- Kannivadi Location in Tamil Nadu, India
- Coordinates: 10°49′59″N 77°46′28″E﻿ / ﻿10.83306°N 77.77444°E
- Country: India
- State: Tamil Nadu
- District: Tiruppur

Area
- • Total: 24.65 km^{2} (9.52 sq mi)

Population (2011)
- • Total: 4,385
- • Density: 177.9/km^{2} (460.7/sq mi)

Languages
- • Official: Tamil
- Time zone: UTC+5:30 (IST)

= Kannivadi, Tiruppur =

Kannivadi is a panchayat town in Dharapuram taluk of Tiruppur district in the Indian state of Tamil Nadu. It is one of the 15 panchayat towns in the district. Spread across an area of 24.65 km2, it had a population of 4,385 individuals as per the 2011 census.

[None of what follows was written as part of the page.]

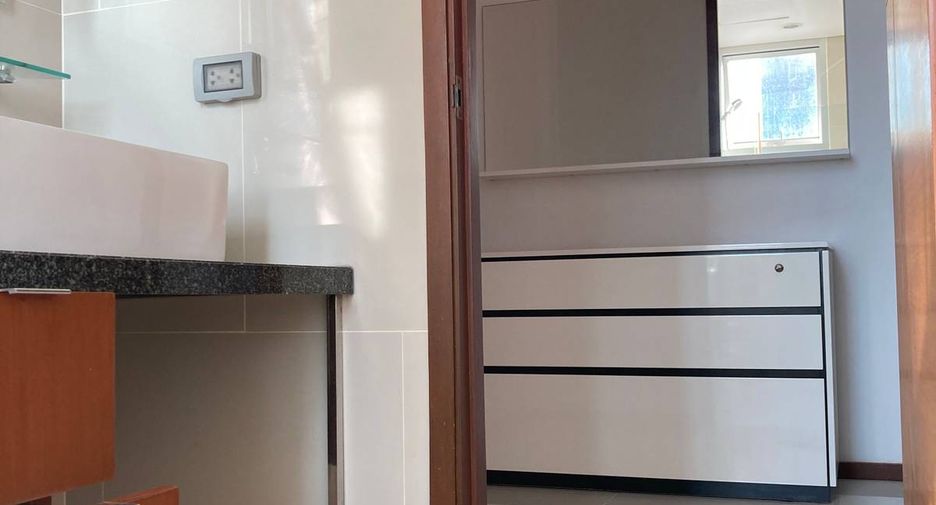 For rent 1 bed condo in Khlong San, Bangkok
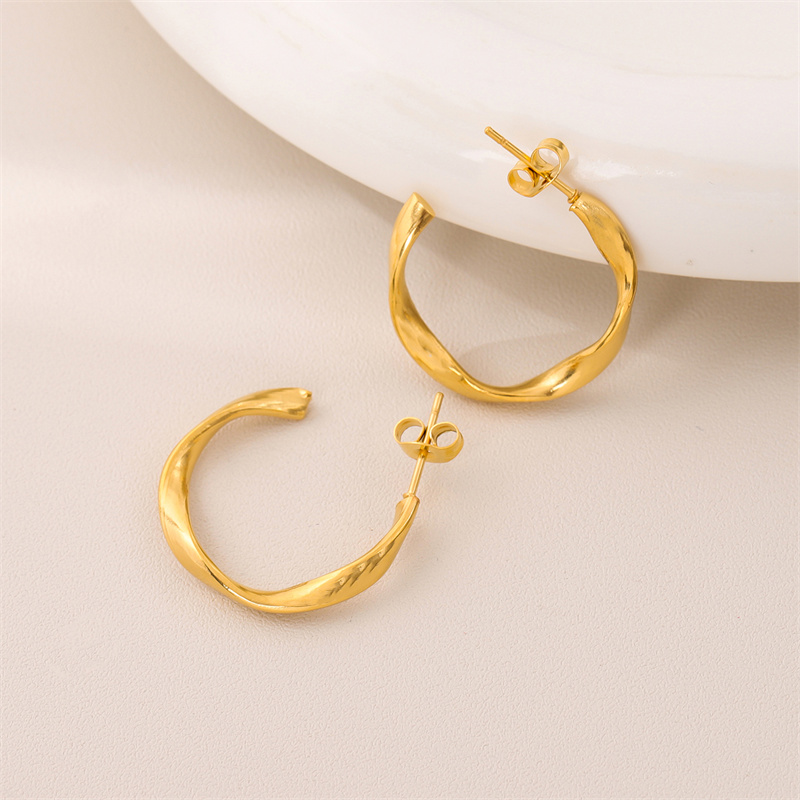 1 Pair Retro Simple Style Round Plating 201 Stainless Steel 18K Gold Plated Earrings display picture 2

== Geography and administration ==
Kannivadi is located in Dharapuram taluk of Tiruppur district in the Indian state of Tamil Nadu. Spread across an area of 24.65 km2, it is one of the 15 panchayat towns in the district. The region has a tropical climate with hot summers and mild winters. The highest temperatures are recorded in April and May, with lowest recordings in December-January.
The town panchayat is headed by a chairperson, who is elected by the members representing each of the 12 wards in the panchayat. The members themselves are chosen through direct elections. The town forms part of the Dharapuram Assembly constituency that elects its member to the Tamil Nadu legislative assembly and the Erode Lok Sabha constituency that elects its member to the Parliament of India.

==Demographics==
As per the 2011 census, Kannivadi had a population of 4,385 individuals across 1,352 households. The population saw a marginal decrease compared to the previous census in 2001 when 4,412 inhabitants were registered. The population consisted of 2,138 males	and 2,247 females. About 272 individuals were below the age of six years. About 19% of the population belonged to scheduled castes. The entire population is classified as urban. The town has an average literacy rate of 68.1%.

About 59.2% of the eligible population were employed, of which majority were involved in agriculture and allied activities. Hinduism was the majority religion which was followed by 99.1% of the population, with Christianity (0.8%) being a minor religion.